We start the preceding script with the usual plumbing. Next, we want to create a directory with mkdir. We grab the exit status and store it in a variable. Next, we use the test command (which we briefly explored in the previous chapter) to validate whether /tmp/temp_dir/ is a directory (and thus, if it was created sometime). We then print the return codes with echo, in the same fashion as we did for return-code.sh.
Next, we run the script twice. Here is where something interesting happens. The first time we run the script, the /tmp/temp_dir/ directory does not exist on the filesystem and is created. Because of this, the exit code for the mkdir command is 0. Since it was successfully created, test -d also succeeds and gives us back an exit status of 0, as expected.

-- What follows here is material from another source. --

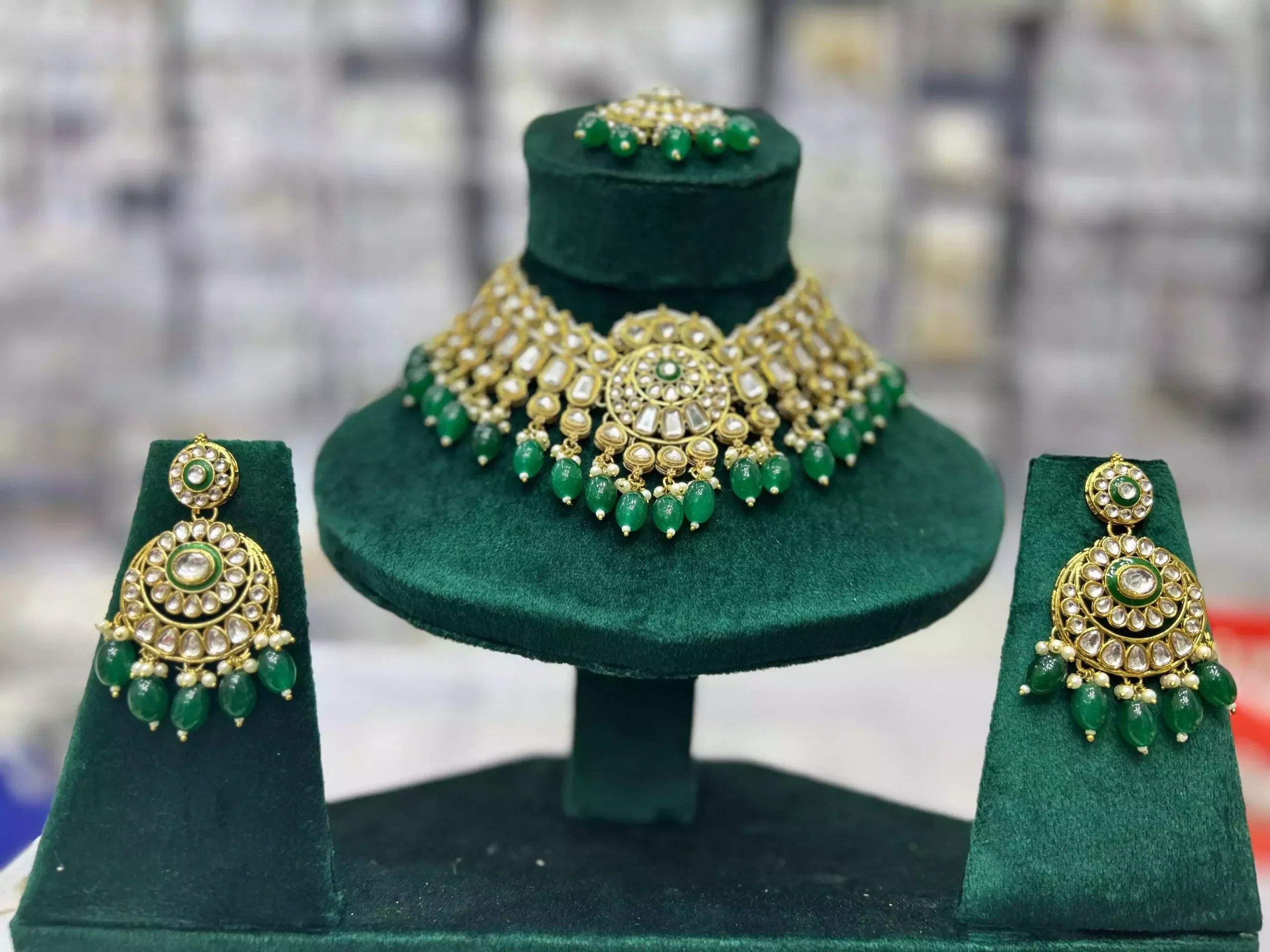 Jaipuri kundan necklace set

Now, in the second run of the script, the mkdir command does not successfully complete. This is expected, because the first run of the script already created the directory. Since we did not delete it in between the runs, the second run of mkdir is unsuccessful. However, test -d still runs fine: the directory exists, even though it was not created in that run of the script.

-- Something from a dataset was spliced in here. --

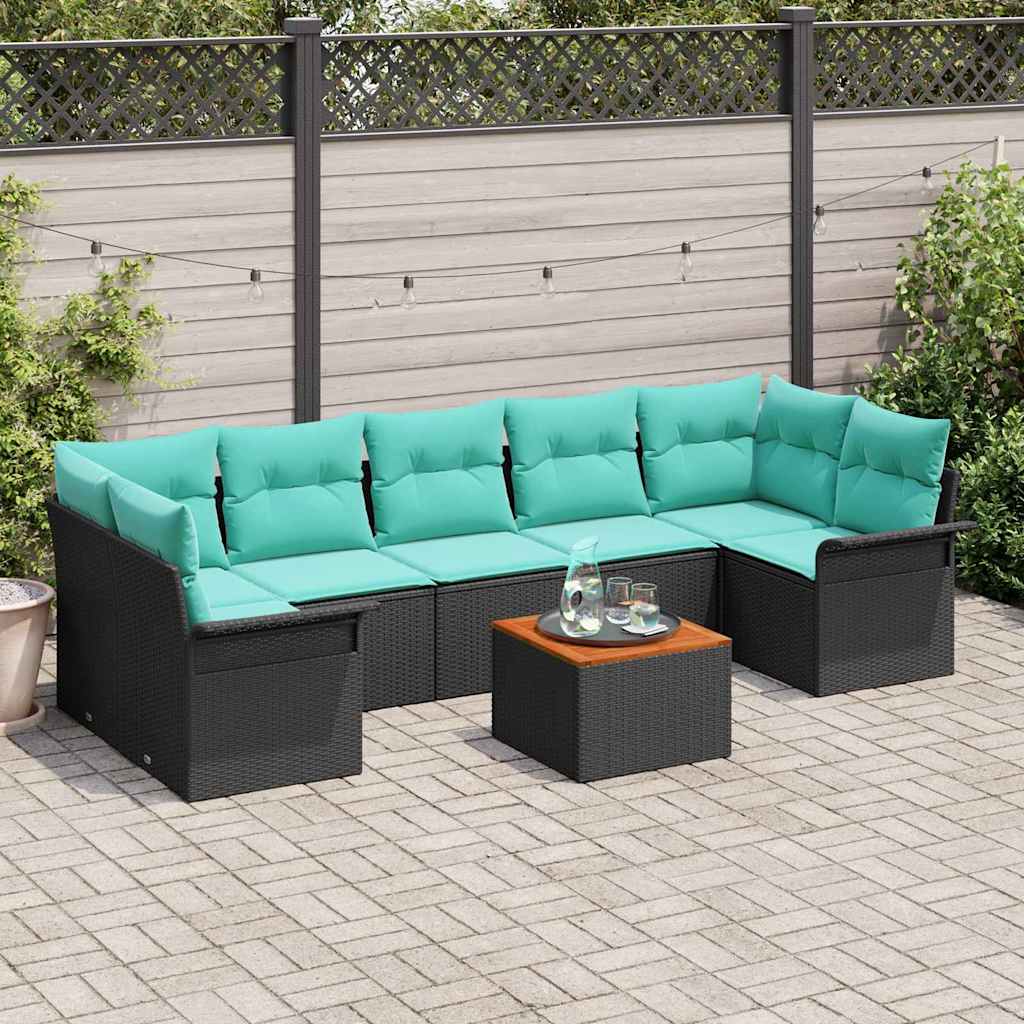 Gartensofa-set 8 pcs Schwarz und Türkis Poly-Rattan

The test command is one of the most important commands we have in our shell scripting arsenal. Because shell scripts can often be fragile, especially where user input is concerned, we want to make these as robust as possible. While explaining every aspect of the test command would take a whole chapter, the following are the things test can do:
And so on and on and on—this should give you at least an impression of things you can check with test. In the Further reading section, we have included an extensive source on test. Make sure to give it a look, as it will definitely help in your shell scripting adventures!
For most scripting and programming languages, there is no such thing as a test command. Obviously, tests are just as important in those languages but, unlike Bash, tests are often directly integrated with the if-then-else logic (which we will discuss in the next part of this chapter). Luckily for us, Bash has a shorthand for the test command, which brings it a lot closer to the syntax of other languages: [ and [[.

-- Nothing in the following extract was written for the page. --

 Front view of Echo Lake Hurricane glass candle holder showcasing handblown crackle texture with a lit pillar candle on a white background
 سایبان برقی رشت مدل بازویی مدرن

Look at the following code to get a better idea of how we can replace the test command with this shorthand:
reader@ubuntu:~/scripts/chapter_09$ vim test-shorthand.sh
reader@ubuntu:~/scripts/chapter_09$ cat test-shorthand.sh
#!/bin/bash
#####################################
# Author: Sebastiaan Tammer
# Version: v1.0.0
# Date: 2018-09-29
# Description: Write faster tests with the shorthand!
# Usage: ./test-shorthand.sh
#####################################
# Test if the /tmp/ directory exists using the full command:
test -d /tmp/
test_rc=$?
# Test if the /tmp/ directory exists using the simple shorthand:
[ -d /tmp/ ]
simple_rc=$?
# Test if the /tmp/ directory exists using the extended shorthand:
[[ -d /tmp/ ]]
extended_rc=$?
# Print the results.
echo "The return codes are: ${test_rc}, ${simple_rc}, ${extended_rc}."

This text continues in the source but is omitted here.